Task brief -> Please write out exactly the lines of the data below from the line holding "Corolla LE image 5" through the line holding "Patagonia‎ Flannel Shirt", and leave out the rest.

The data ->

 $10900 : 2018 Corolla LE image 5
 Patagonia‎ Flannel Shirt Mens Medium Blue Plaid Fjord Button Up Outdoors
* * *
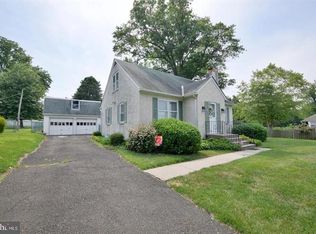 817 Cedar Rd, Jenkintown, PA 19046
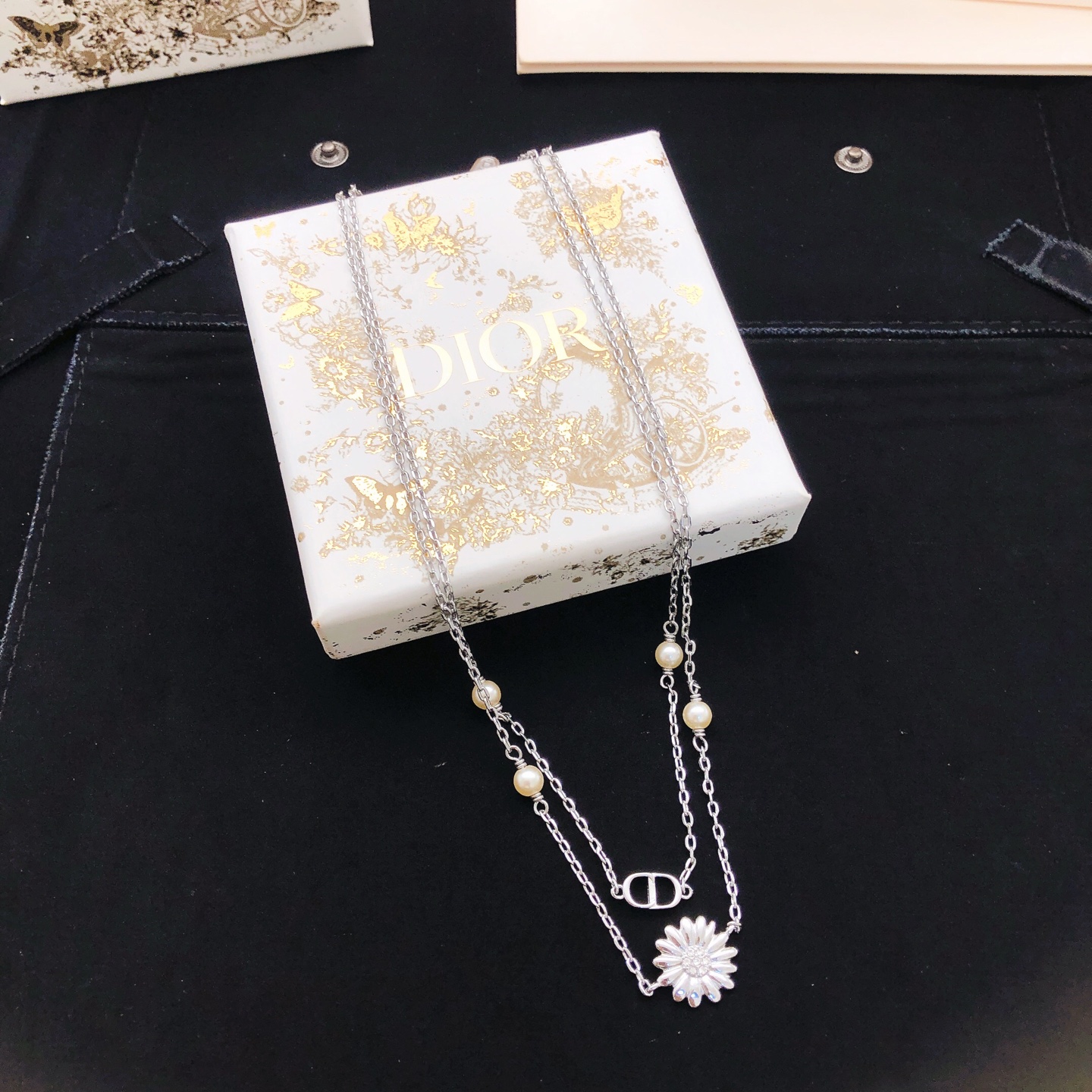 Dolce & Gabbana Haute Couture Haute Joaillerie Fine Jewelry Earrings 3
---
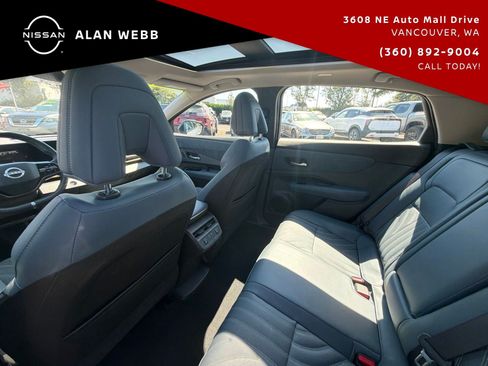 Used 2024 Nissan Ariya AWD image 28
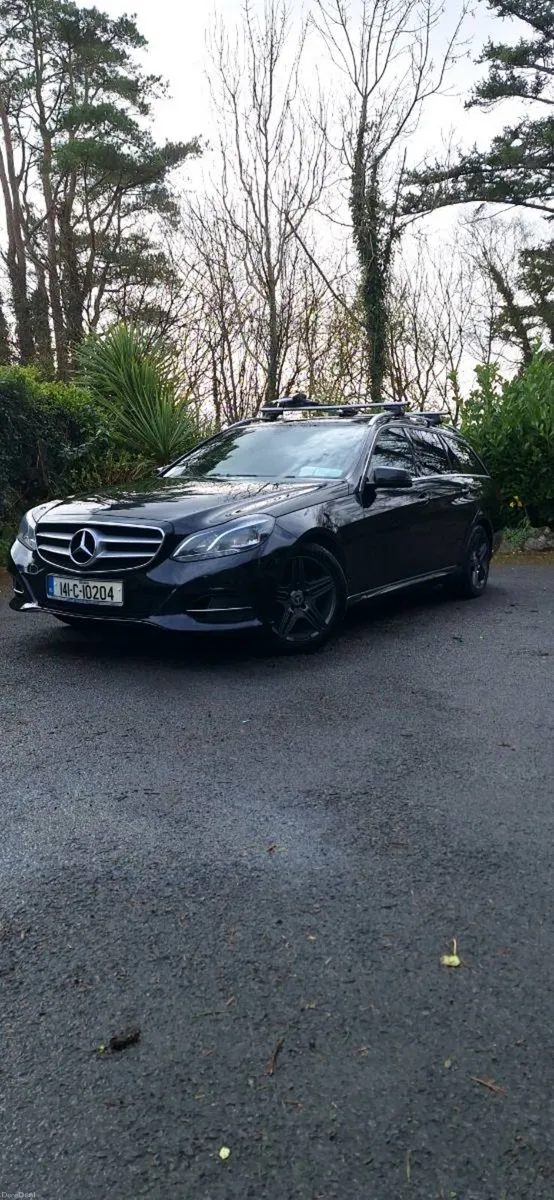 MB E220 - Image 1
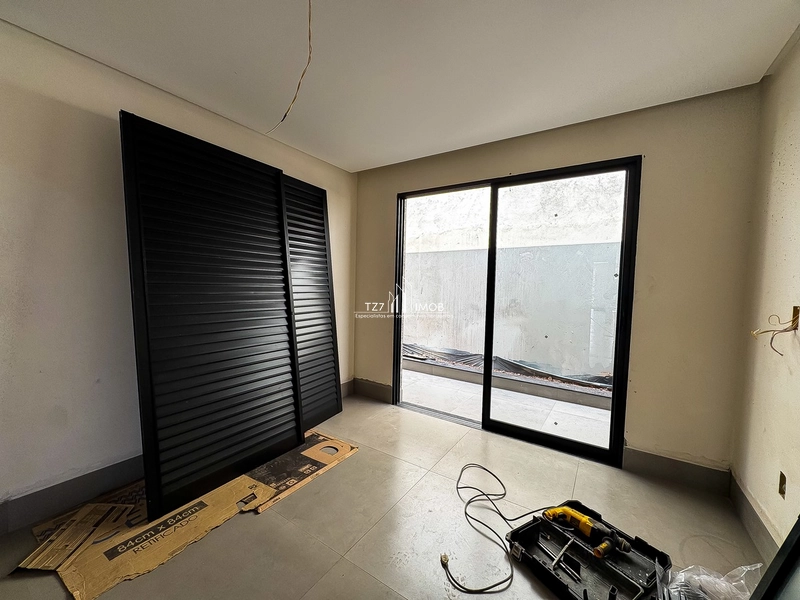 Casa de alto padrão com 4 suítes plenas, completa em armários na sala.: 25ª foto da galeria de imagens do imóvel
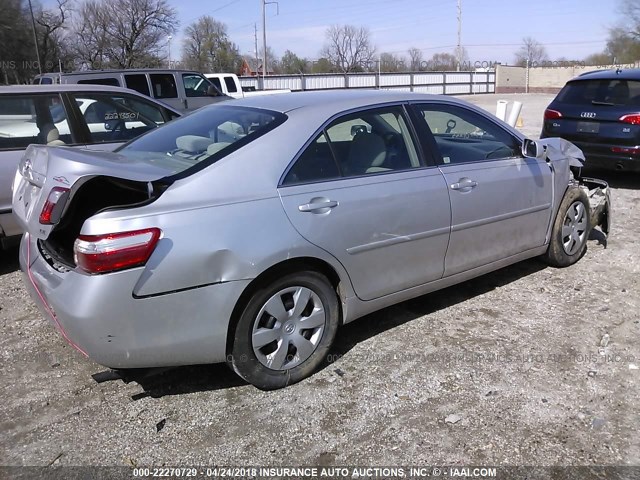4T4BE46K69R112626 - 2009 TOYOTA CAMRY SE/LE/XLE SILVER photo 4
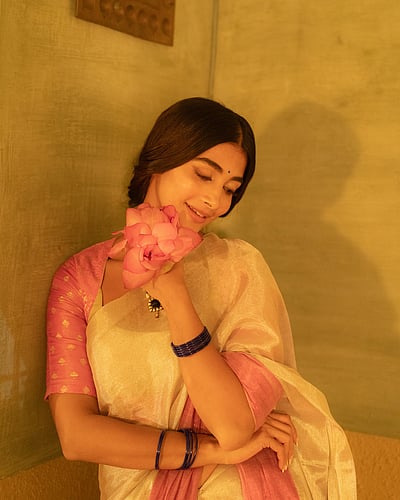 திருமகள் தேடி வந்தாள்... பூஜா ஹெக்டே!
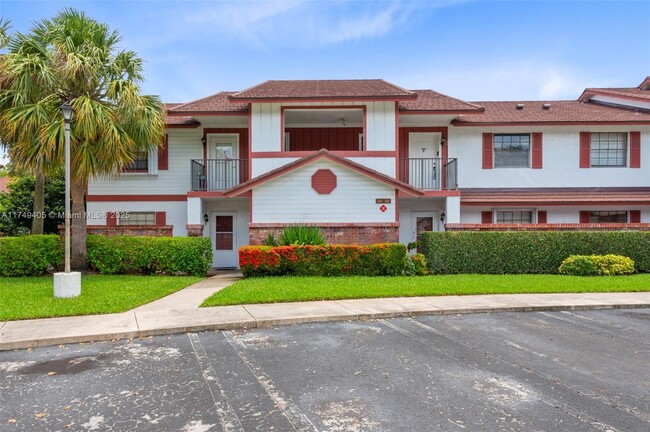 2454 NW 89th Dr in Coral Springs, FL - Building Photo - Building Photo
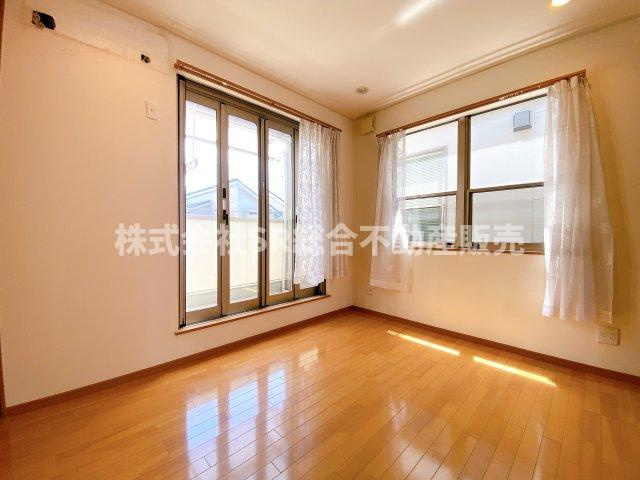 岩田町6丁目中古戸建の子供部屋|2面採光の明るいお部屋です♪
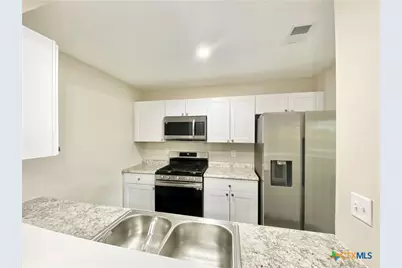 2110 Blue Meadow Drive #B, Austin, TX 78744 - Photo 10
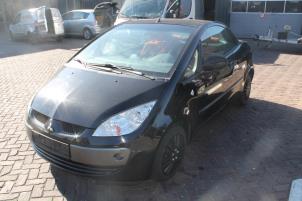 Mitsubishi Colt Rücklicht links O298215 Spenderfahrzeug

Answer box ->
 $10900 : 2018 Corolla LE image 5
 Patagonia‎ Flannel Shirt Mens Medium Blue Plaid Fjord Button Up Outdoors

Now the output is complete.